In summary, in a plurality of signal-to-noise ratio environments, a machine learning method that combines an acoustic signal feature extraction technique with a neural network nonlinear fitting capability, and has a simple structure and fewer parameters is indispensable.

Disclosure of Invention

Technical problem to be solved

In order to avoid the defects of the prior art, the invention provides a generalized regression neural network acoustic signal identification method utilizing Mel frequency cepstrum coefficients.

Technical proposal

A generalized regression neural network acoustic signal identification method utilizing Mel frequency cepstrum coefficients is characterized by comprising the following steps:

Step 1: extracting MFCC characteristics from the acquired underwater acoustic signals;

Step 2: performing FFT on each frame of signal to obtain a frequency spectrum;

step 3: filtering the frequency spectrum through a group of triangular band-pass filters to obtain Mel filtering;

step 4: calculating the logarithmic energy output by each filter, calculating the discrete cosine transform of the logarithmic energy, and solving the MFCC of L-order;

Step 5: calculating cepstrum differential parameters by using the L MFCC cepstrum coefficients, and combining the three parameters of the MFCC, the first-order cepstrum differential parameters and the second-order cepstrum differential parameters to serve as feature vectors of signals;

step 6: 3/4 of all processed data are used for training and verifying data, and the other data are used for testing the GRNN model;

Step 7: the training and verifying data for the model are randomly divided into k folds, the optimal expansion factors are determined by a k-fold cross verification method, and the measurement indexes of the identification results of the verification set under different expansion factors are expressed as follows:

Where N is the number of samples, The number of correctly identified samples out of the N samples;

The verification set is 1-fold, and the training set is other k-1 folds;

step 7: for each expansion factor, firstly, a training set is used for training, then a test evidence set is tested, and the corresponding accuracy is calculated; taking each training sample as a primary verification set, repeating the process, and counting and calculating the average value of k accuracies, namely the average accuracy;

Repeating the steps for all the expansion factors, and taking the expansion factor corresponding to the minimum value of the average accuracy as the optimal expansion factor;

step 8: and taking the obtained optimal expansion factors as parameters of the GRNN model, using training data for training the GRNN model, inputting test data under a plurality of signal to noise ratios into the model, carrying out acoustic signal recognition on the test data, counting recognition results, analyzing the recognition performance of the GRNN model, and realizing the recognition of real-time data by the trained and tested GRNN model.

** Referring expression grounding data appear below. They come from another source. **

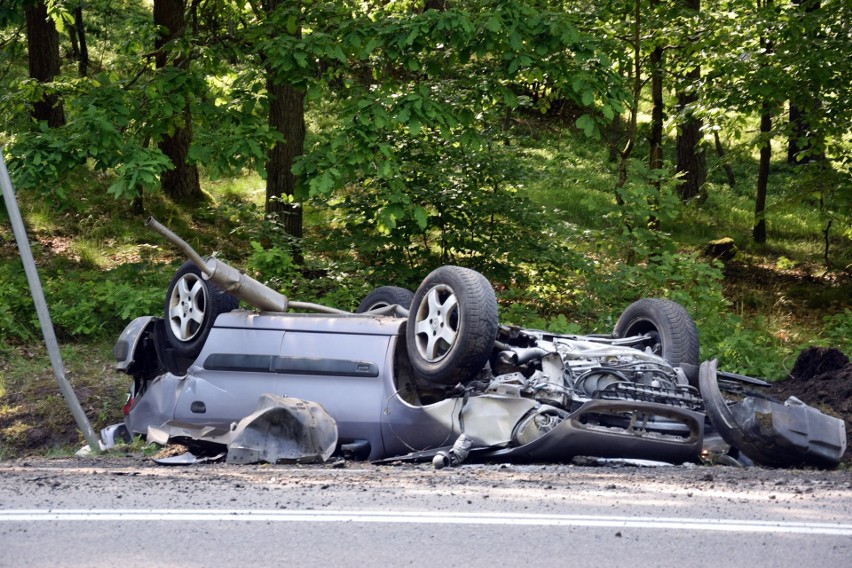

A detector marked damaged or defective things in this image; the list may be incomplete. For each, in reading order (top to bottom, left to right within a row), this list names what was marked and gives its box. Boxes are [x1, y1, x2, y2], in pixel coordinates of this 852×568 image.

detached car wheel [164, 260, 238, 358]
detached car wheel [356, 286, 416, 312]
detached car wheel [406, 266, 500, 386]
damaged vehicle [110, 217, 848, 466]
overturned silver car [110, 217, 848, 466]
detached car wheel [612, 298, 700, 368]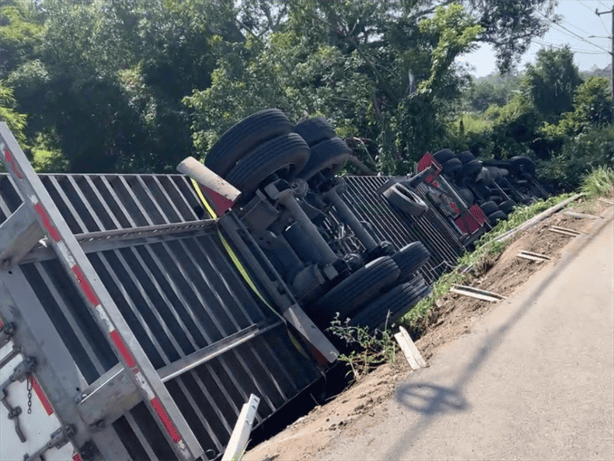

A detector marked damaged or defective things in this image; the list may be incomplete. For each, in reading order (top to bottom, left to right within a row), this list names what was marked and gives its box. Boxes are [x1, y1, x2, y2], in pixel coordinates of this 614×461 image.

overturned truck [0, 109, 548, 458]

And when the MFCC characteristics are extracted, pre-emphasis, framing and windowing pretreatment are carried out on the acquired acoustic signals.

The value range of the expansion factor is as follows: 0.01,0.02, …,0.1, step size 0.01.

Advantageous effects

The generalized regression neural network acoustic signal identification method utilizing the Mel frequency cepstrum coefficient combines the MFCC with the GRNN, fully plays the advantages of rich sound characteristics of the MFCC and nonlinear fitting of the GRNN, and effectively identifies seal types. Firstly, extracting the MFCC characteristics of an acoustic signal, carrying out FFT and Mel filtering, solving the L-order MFCC, calculating a cepstrum difference parameter, carrying out the test of a GRNN model, wherein the optimal expansion factor is determined by a k-fold cross validation method, dividing training data into k-folds, sequentially taking the k-folds as a validation set for the test, using the obtained optimal expansion factor for the training of the GRNN, and identifying the tested acoustic data.

The study analyzes the identification performance of the method under different signal-to-noise ratios, gaussian white noise is added to an initial sound signal, the noise bandwidth is corresponding to different types of seal sound signals, the signal-to-noise ratios are respectively 10dB, 5dB and 0dB, waveforms of the initial signal of the seal and the signal under different signal-to-noise ratios are taken as examples, and as shown in fig. 6, the lower the signal-to-noise ratio is, the more burrs appear in the signal. The training samples are used for training and verifying the GRNN model by 10-fold cross verification, the GRNN optimization expansion factor process of the MFCC features of each scene is shown in fig. 7, and the GRNN optimization expansion factor process can be obtained analytically, and overall, as the expansion factor becomes larger, the recognition performance is reduced, and the optimal expansion factor is concentrated between 0 and 0.1.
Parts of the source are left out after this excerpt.